In Superforecasting (with Dan Gardner; Crown, 2015), Tetlock documented a minority of forecasters — the "superforecasters" — who were notably well-calibrated and consistently outperformed the expert average across a range of questions. The defining characteristic of the superforecasters was not superior domain knowledge. It was a disciplined practice of numerical probability estimation, active revision when new information arrived, and ongoing self-measurement of calibration. The skill was learnable, but it required the infrastructure: records, numerical commitments, and willingness to see the gap between stated and observed rates.

Trading shares the feedback properties that make calibration most difficult. Outcomes arrive with noise attached — a correctly-reasoned decision produces a loss; a poorly-reasoned decision produces a win — so the feedback loop does not automatically correct overconfidence. It often reinforces it. When a confident call wins, the win is attributed to the confidence being warranted. When a confident call loses, the loss is attributed to randomness or execution. Without a calibration table, this asymmetric attribution has no corrective mechanism. The Overconfidence After Wins article covers one specific channel through which this process accelerates during positive streaks.

A Historical Example: Where Calibration Has Been Measured

The domain where probabilistic forecast calibration has been most rigorously documented is meteorology. Beginning with systematic forecast-verification research in the 1960s and 1970s — work by Allan Murphy and Robert Winkler among others — probabilistic precipitation forecasts were tracked against observations over long records. The accumulated evidence showed that weather forecasters, operating in an environment with rapid and unambiguous feedback, consistently produced well-calibrated probability estimates: when they said "30% chance of precipitation," rain fell on approximately 30% of those days over large samples — a calibration result documented in forecast-verification research by Allan Murphy and Robert Winkler (1977) and subsequent National Weather Service studies. When they said 70%, it rained approximately 70% of the time.

This stands out because it demonstrates that calibration is achievable in practice, not merely a theoretical benchmark. It also identifies the conditions under which calibration develops: clear numerical probability expression, regular feedback, institutional tracking of stated probabilities against outcomes, and ongoing training. Remove those conditions — replace numerical expressions with verbal labels, remove the systematic tracking, slow the feedback loop — and calibration deteriorates. Trading, left to natural instinct and vague confidence language, recreates the conditions for poor calibration almost perfectly.

Honest Risk Notes

Three structural limits of calibration tables deserve explicit acknowledgment before you build one.

Small samples are noisy.

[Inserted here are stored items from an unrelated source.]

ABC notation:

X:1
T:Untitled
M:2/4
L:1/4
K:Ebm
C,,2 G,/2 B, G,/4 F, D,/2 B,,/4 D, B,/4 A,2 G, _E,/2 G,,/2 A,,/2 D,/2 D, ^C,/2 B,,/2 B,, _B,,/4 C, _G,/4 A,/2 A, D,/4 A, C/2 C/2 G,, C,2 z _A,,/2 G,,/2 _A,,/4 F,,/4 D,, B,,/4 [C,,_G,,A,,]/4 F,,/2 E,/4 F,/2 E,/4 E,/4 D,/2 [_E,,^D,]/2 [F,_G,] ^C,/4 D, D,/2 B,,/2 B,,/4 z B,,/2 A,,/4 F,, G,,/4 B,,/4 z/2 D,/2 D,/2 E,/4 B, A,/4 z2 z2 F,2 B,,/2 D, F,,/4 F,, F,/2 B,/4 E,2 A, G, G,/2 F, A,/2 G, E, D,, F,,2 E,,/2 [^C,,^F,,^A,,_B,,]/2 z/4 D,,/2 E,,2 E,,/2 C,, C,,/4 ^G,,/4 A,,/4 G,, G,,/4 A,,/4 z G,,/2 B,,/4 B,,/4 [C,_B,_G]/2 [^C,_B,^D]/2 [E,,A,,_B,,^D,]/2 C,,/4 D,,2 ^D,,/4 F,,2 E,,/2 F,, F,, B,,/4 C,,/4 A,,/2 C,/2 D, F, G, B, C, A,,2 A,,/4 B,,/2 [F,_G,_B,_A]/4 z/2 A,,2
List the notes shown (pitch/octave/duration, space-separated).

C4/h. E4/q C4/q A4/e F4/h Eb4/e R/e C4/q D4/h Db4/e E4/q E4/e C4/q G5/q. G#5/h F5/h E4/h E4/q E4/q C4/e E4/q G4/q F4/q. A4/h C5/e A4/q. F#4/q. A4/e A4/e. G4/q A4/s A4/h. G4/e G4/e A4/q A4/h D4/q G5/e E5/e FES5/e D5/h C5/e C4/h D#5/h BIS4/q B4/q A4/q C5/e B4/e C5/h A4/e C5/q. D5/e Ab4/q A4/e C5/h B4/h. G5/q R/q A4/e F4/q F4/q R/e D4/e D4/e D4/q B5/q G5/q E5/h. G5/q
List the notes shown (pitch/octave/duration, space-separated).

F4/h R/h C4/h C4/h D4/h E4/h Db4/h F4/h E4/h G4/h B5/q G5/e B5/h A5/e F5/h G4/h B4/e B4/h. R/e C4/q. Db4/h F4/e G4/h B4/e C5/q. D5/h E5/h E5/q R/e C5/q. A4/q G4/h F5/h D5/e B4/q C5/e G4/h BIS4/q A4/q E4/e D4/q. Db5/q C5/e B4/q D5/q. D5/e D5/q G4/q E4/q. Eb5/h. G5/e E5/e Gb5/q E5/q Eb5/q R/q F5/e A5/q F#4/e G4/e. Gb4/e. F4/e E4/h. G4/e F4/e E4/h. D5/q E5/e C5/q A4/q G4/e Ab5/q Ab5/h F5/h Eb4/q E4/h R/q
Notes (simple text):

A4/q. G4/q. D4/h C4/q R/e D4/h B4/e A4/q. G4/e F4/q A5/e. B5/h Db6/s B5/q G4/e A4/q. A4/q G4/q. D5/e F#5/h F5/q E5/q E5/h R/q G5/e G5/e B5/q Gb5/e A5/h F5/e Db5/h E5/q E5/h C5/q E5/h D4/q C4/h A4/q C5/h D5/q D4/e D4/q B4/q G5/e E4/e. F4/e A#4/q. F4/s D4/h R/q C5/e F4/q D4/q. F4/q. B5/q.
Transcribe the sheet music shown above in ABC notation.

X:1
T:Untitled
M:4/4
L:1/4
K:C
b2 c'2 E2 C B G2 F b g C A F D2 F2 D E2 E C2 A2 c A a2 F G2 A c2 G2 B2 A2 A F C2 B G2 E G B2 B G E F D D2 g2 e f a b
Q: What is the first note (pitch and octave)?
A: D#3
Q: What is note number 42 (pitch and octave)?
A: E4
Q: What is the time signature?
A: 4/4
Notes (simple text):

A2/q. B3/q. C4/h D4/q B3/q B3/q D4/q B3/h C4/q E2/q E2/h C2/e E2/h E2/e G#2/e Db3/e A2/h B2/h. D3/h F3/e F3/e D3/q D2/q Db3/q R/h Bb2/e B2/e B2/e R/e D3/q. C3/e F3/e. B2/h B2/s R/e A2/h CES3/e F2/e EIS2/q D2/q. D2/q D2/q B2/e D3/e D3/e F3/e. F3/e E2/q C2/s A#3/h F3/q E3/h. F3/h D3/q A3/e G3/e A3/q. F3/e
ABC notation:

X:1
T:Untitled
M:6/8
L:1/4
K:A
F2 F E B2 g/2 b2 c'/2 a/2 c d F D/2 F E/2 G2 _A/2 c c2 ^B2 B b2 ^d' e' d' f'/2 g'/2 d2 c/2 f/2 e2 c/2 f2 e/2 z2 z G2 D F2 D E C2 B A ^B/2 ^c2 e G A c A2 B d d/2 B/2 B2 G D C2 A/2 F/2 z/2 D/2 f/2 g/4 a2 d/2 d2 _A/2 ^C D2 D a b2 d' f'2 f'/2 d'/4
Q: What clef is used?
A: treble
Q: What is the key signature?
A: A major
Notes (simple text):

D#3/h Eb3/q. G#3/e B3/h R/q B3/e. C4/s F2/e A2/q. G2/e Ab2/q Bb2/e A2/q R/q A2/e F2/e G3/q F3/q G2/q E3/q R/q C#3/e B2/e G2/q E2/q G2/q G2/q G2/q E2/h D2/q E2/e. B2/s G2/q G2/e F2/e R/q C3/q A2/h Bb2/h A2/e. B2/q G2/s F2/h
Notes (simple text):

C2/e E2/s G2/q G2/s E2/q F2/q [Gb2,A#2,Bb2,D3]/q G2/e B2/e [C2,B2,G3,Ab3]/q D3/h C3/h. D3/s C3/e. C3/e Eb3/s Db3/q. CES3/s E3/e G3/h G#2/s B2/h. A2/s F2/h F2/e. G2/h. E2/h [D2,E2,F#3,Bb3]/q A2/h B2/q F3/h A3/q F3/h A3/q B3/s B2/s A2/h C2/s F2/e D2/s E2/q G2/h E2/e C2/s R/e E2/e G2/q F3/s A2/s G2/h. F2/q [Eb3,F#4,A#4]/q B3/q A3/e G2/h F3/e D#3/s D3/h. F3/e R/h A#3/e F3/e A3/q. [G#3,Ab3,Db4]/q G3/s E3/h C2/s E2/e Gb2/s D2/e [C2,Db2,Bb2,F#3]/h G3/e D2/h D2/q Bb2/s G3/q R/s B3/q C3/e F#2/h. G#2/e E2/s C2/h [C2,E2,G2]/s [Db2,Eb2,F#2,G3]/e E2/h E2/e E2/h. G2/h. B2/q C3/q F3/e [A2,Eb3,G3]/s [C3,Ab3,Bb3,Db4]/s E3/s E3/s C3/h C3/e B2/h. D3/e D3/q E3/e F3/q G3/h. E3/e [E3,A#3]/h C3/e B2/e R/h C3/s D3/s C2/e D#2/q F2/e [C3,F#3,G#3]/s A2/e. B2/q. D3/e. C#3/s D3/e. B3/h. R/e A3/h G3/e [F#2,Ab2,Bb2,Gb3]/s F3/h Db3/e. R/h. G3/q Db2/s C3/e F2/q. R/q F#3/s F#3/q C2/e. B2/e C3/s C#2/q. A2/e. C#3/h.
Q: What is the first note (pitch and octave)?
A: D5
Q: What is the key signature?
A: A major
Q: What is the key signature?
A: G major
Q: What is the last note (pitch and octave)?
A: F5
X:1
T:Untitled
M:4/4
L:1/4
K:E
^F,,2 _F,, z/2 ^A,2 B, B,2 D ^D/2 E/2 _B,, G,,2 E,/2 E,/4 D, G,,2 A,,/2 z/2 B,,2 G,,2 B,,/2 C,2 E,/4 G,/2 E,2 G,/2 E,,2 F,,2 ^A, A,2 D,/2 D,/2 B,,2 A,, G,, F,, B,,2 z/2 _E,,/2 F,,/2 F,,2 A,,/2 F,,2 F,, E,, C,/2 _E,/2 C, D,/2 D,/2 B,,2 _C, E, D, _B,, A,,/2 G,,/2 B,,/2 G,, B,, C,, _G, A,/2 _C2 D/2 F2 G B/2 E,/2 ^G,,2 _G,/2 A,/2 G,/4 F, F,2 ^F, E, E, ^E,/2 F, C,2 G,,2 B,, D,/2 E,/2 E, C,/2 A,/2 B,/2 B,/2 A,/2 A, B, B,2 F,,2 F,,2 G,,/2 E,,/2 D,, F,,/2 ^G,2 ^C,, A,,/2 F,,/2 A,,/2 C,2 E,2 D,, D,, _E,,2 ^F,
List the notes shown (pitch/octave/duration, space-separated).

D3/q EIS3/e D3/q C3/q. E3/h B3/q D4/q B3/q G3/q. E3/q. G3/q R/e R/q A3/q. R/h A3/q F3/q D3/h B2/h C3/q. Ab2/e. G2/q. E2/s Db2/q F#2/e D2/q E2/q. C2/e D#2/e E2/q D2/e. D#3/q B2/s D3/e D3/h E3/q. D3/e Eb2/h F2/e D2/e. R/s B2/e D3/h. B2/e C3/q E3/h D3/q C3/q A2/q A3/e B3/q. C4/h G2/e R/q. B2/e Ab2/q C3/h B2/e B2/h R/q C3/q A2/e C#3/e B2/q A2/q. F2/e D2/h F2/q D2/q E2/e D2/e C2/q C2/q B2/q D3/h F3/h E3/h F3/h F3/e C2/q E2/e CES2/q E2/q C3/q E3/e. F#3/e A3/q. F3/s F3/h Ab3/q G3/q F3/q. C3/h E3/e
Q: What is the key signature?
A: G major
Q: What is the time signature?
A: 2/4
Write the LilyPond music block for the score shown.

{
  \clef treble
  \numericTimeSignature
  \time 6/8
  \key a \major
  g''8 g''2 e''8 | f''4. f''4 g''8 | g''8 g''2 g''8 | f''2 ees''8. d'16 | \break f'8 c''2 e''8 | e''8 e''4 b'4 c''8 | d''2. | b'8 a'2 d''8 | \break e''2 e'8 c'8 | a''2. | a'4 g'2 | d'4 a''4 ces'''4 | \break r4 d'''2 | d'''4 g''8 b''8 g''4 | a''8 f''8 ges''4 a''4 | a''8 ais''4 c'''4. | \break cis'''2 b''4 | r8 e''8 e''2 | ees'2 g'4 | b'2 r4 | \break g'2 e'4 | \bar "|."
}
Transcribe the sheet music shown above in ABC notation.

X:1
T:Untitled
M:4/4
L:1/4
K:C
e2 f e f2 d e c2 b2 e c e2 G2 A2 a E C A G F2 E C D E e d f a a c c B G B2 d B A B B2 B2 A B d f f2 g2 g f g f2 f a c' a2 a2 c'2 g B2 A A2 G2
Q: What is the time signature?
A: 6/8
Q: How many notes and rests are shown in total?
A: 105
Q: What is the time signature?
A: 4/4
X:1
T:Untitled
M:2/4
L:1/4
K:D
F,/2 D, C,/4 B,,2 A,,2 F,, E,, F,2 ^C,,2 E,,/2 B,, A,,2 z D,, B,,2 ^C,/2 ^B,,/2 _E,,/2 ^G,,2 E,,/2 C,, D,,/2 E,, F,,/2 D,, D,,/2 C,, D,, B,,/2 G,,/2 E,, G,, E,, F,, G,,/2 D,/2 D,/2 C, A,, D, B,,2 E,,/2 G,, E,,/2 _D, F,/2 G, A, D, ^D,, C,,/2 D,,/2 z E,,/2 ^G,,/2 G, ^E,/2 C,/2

A bucket with 8 decisions is not producing a reliable estimate of anything. The observed hit rate could move 20 percentage points in either direction with a few more observations. This connects directly to the Sample Size and Variance discussion: the minimum for a bucket to carry any interpretive weight is roughly 20 decisions; 35 to 50 is more robust. Below that threshold, note the bucket and accumulate data rather than drawing conclusions.

Calibration does not transfer automatically across environments. A 70–80% bucket that is well-calibrated in trending conditions may be overconfident in range-bound conditions, because the class of setups you are labeling "70–80% confident" behaves differently under different regimes. Segment your data if you have enough of it; otherwise, treat calibration scores as provisional until you have sampled multiple market environments.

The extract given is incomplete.